Danish director Lone Scherfig says Mulligan's tour-de-force performance surprised even her co-stars, who include acting heavyweights Emma Thompson, Alfred Molina and Peter Sarsgaard.
"It's not all that easy for actors to play with someone who is not experienced," Scherfig said during an interview at last month's Toronto International Film Festival.
"But I could tell that they got surprised. . . . and it's not just them making her performance good, but it's the other way around."
"An Education," which opens Friday in Toronto, Montreal and Vancouver, is the first English-language film for Scherfig, whose previous credits include the smart, offbeat comedies "Italian for Beginners" and "Wilbur Wants to Kill Himself."
Set in 1961, "An Education" tells the story of 16-year-old Jenny (Mulligan), who has plans to study at Oxford and dreams of experiencing the world.
Her senior year at school is derailed, however, when she meets the mysterious David (Sarsgaard), who sweeps her into a glamorous life of art, supper clubs and music.
Scherfig, who shared an agent with Hornby and was hired to helm "An Education" after another director dropped the project, says she knew straight away that Mulligan was her lead.
"I just got the pile of DVDs and there she was," she said. "There is a lot of talent in England at the moment. . . . The film is very dependent on who the leading lady is.
"It has a sweetness to it that is hers."
"An Education" screened to raves at the Sundance film festival and later in Toronto and Mulligan - whose most notable prior role was in 2005's "Pride and Prejudice" (she's recently been shooting "Wall Street 2") - has already generated Oscar buzz.
Mulligan's performance is buoyed by Hornby's screenplay, which features the "High Fidelity" author's trademark brand of fragile wit and is based on a memoir by journalist Lynn Barber.
"What I'm very happy about is that people seem to 'get' the film, that they get the warmth and the complexity of it and they fall in love with Jenny and they are seduced by David and that's very, very nice to see," says Scherfig.
Sarsgaard ("Boys Don't Cry," "Shattered Glass") is known for taking interesting roles, and Scherfig surmised that his involvement in "An Education" drew other top-drawer actors to the film, which also features Sally Hawkins and Rosamund Pike.
"Peter was attached at a very early point.

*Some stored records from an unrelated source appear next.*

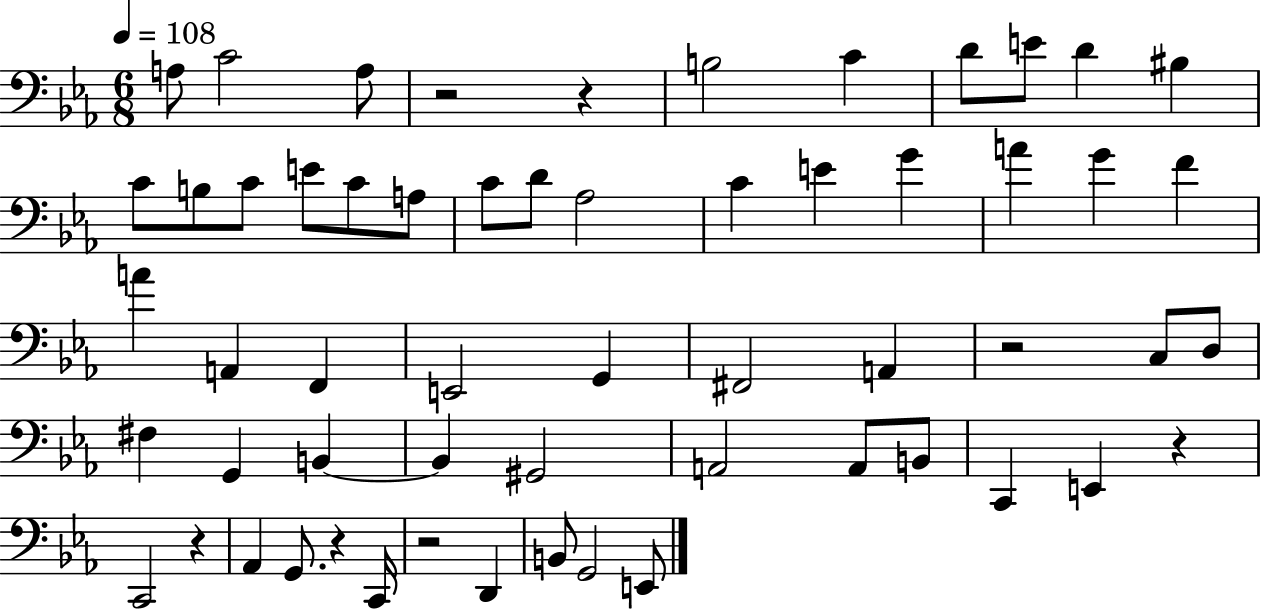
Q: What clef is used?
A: bass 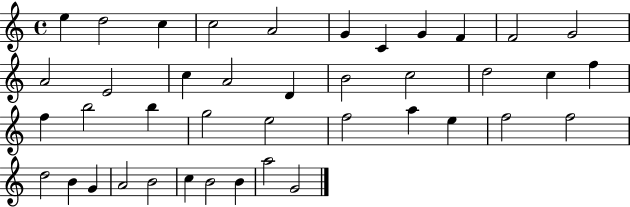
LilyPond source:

{
  \clef treble
  \time 4/4
  \defaultTimeSignature
  \key c \major
  e''4 d''2 c''4 | c''2 a'2 | g'4 c'4 g'4 f'4 | f'2 g'2 | \break a'2 e'2 | c''4 a'2 d'4 | b'2 c''2 | d''2 c''4 f''4 | \break f''4 b''2 b''4 | g''2 e''2 | f''2 a''4 e''4 | f''2 f''2 | \break d''2 b'4 g'4 | a'2 b'2 | c''4 b'2 b'4 | a''2 g'2 | \break \bar "|."
} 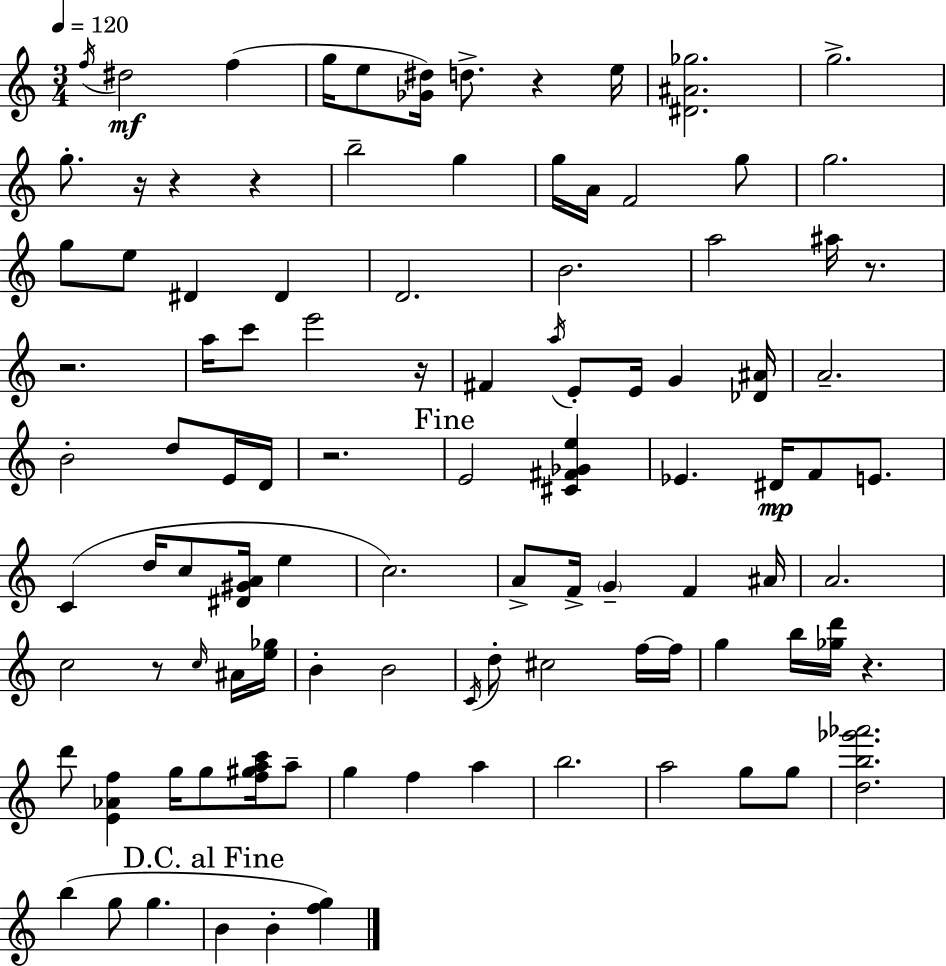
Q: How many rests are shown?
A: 10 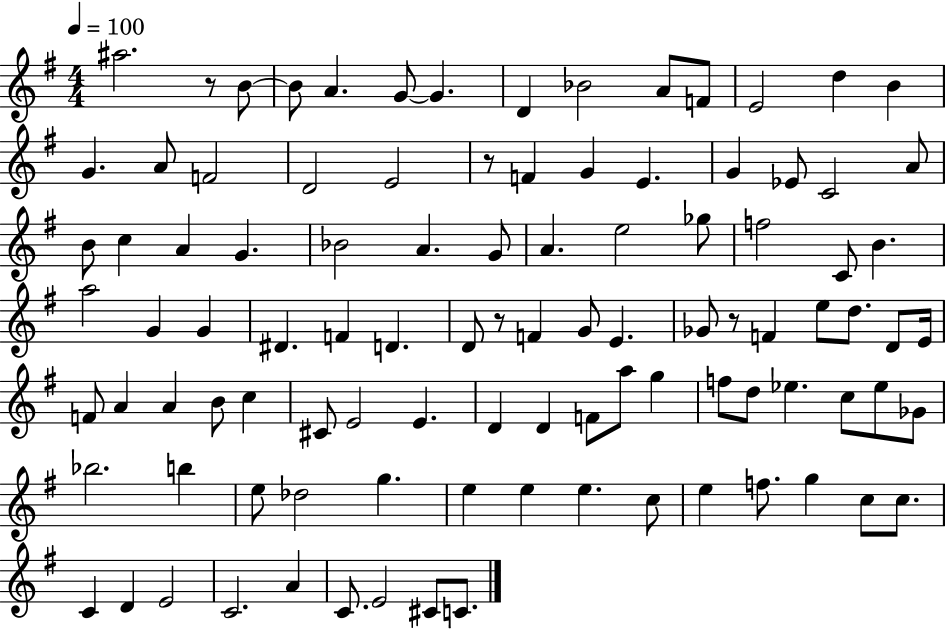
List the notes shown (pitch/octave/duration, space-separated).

A#5/h. R/e B4/e B4/e A4/q. G4/e G4/q. D4/q Bb4/h A4/e F4/e E4/h D5/q B4/q G4/q. A4/e F4/h D4/h E4/h R/e F4/q G4/q E4/q. G4/q Eb4/e C4/h A4/e B4/e C5/q A4/q G4/q. Bb4/h A4/q. G4/e A4/q. E5/h Gb5/e F5/h C4/e B4/q. A5/h G4/q G4/q D#4/q. F4/q D4/q. D4/e R/e F4/q G4/e E4/q. Gb4/e R/e F4/q E5/e D5/e. D4/e E4/s F4/e A4/q A4/q B4/e C5/q C#4/e E4/h E4/q. D4/q D4/q F4/e A5/e G5/q F5/e D5/e Eb5/q. C5/e Eb5/e Gb4/e Bb5/h. B5/q E5/e Db5/h G5/q. E5/q E5/q E5/q. C5/e E5/q F5/e. G5/q C5/e C5/e. C4/q D4/q E4/h C4/h. A4/q C4/e. E4/h C#4/e C4/e. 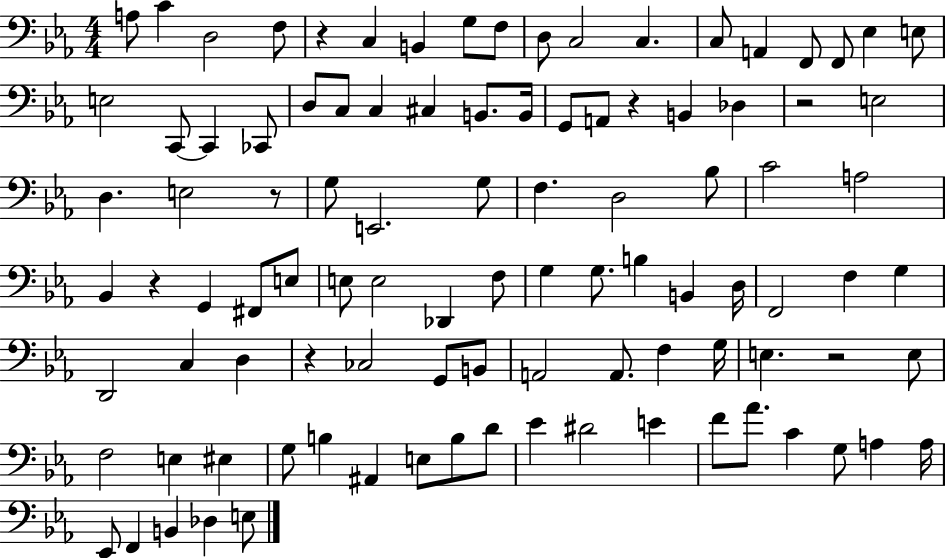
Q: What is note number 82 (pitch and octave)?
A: E4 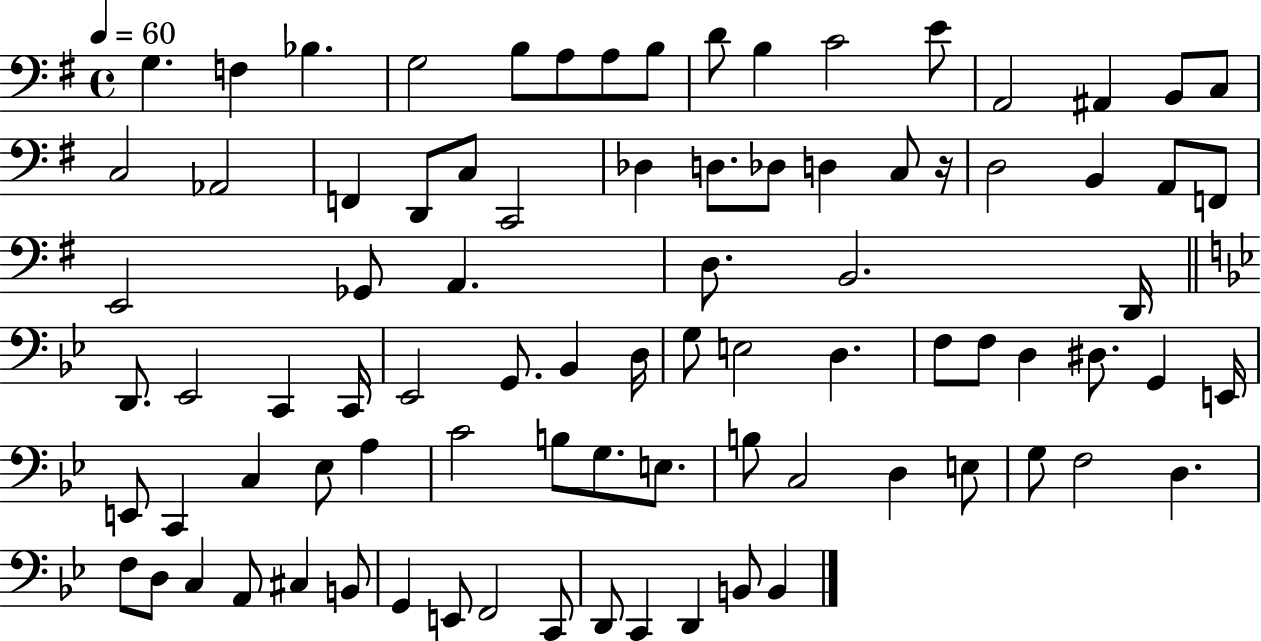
X:1
T:Untitled
M:4/4
L:1/4
K:G
G, F, _B, G,2 B,/2 A,/2 A,/2 B,/2 D/2 B, C2 E/2 A,,2 ^A,, B,,/2 C,/2 C,2 _A,,2 F,, D,,/2 C,/2 C,,2 _D, D,/2 _D,/2 D, C,/2 z/4 D,2 B,, A,,/2 F,,/2 E,,2 _G,,/2 A,, D,/2 B,,2 D,,/4 D,,/2 _E,,2 C,, C,,/4 _E,,2 G,,/2 _B,, D,/4 G,/2 E,2 D, F,/2 F,/2 D, ^D,/2 G,, E,,/4 E,,/2 C,, C, _E,/2 A, C2 B,/2 G,/2 E,/2 B,/2 C,2 D, E,/2 G,/2 F,2 D, F,/2 D,/2 C, A,,/2 ^C, B,,/2 G,, E,,/2 F,,2 C,,/2 D,,/2 C,, D,, B,,/2 B,, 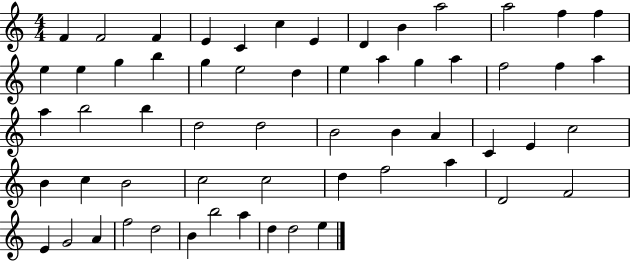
F4/q F4/h F4/q E4/q C4/q C5/q E4/q D4/q B4/q A5/h A5/h F5/q F5/q E5/q E5/q G5/q B5/q G5/q E5/h D5/q E5/q A5/q G5/q A5/q F5/h F5/q A5/q A5/q B5/h B5/q D5/h D5/h B4/h B4/q A4/q C4/q E4/q C5/h B4/q C5/q B4/h C5/h C5/h D5/q F5/h A5/q D4/h F4/h E4/q G4/h A4/q F5/h D5/h B4/q B5/h A5/q D5/q D5/h E5/q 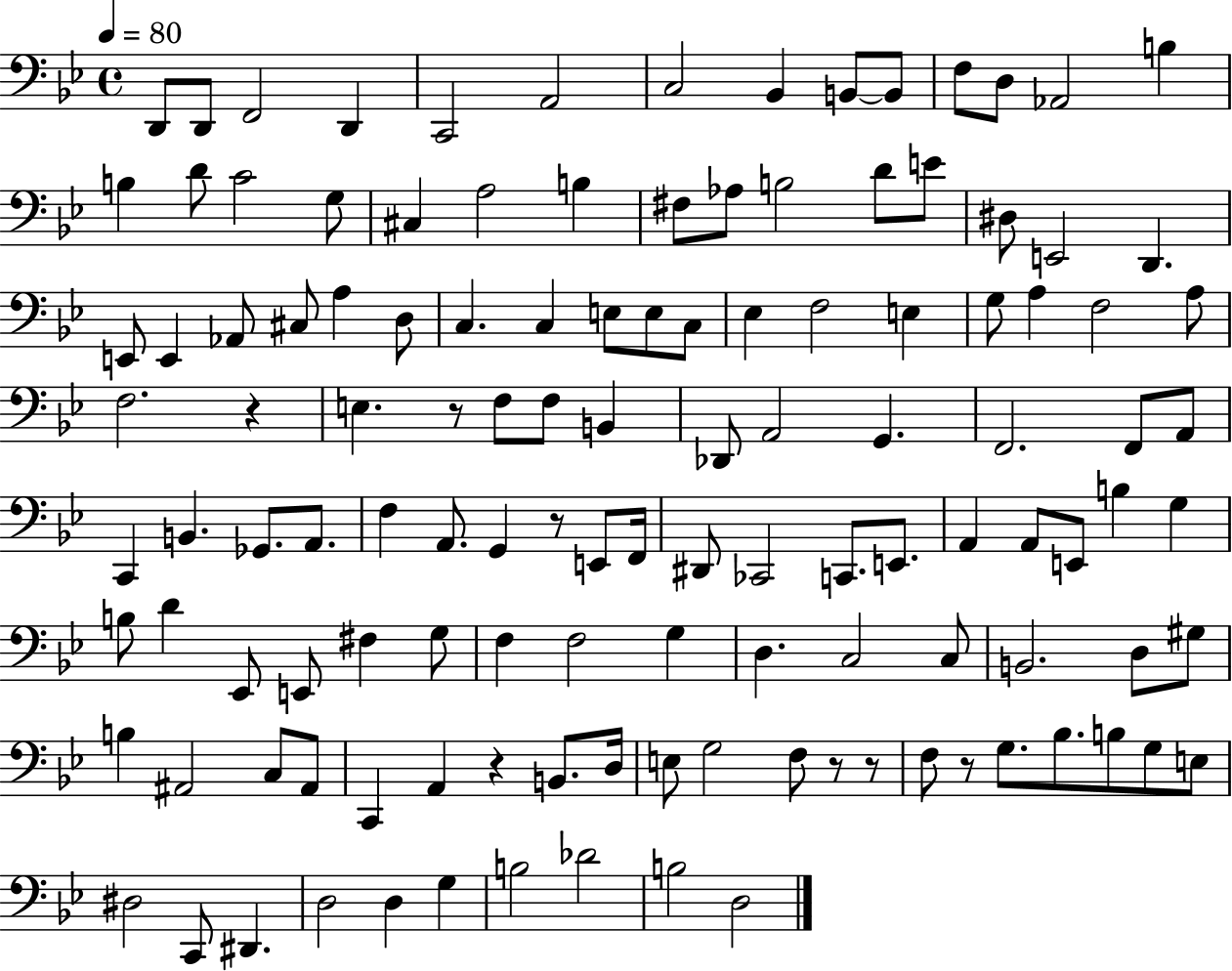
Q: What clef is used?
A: bass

And he is someone that guarantees that it's an interesting project."
In addition to its stellar cast, "An Education" offers up an intoxicating portrait of London in 1961. It's a city at crossroads, as Jenny is caught between the post-war values of her parents and a future she yearns for but can't quite envision.
"To a certain extent, it's London that's the main character, not Jenny," said Scherfig.
"Jenny is London, or is coming of age the way London is. She is just heading with a very high speed into a future that she wants, but doesn't know is coming.
"As an audience, you know that it will be swinging, it will be fun . . . I think she's stuck because she wants a future that she can't see in any of the people surrounding her. . . . That's why she turns to (David). He can offer her the life that she thinks she wants."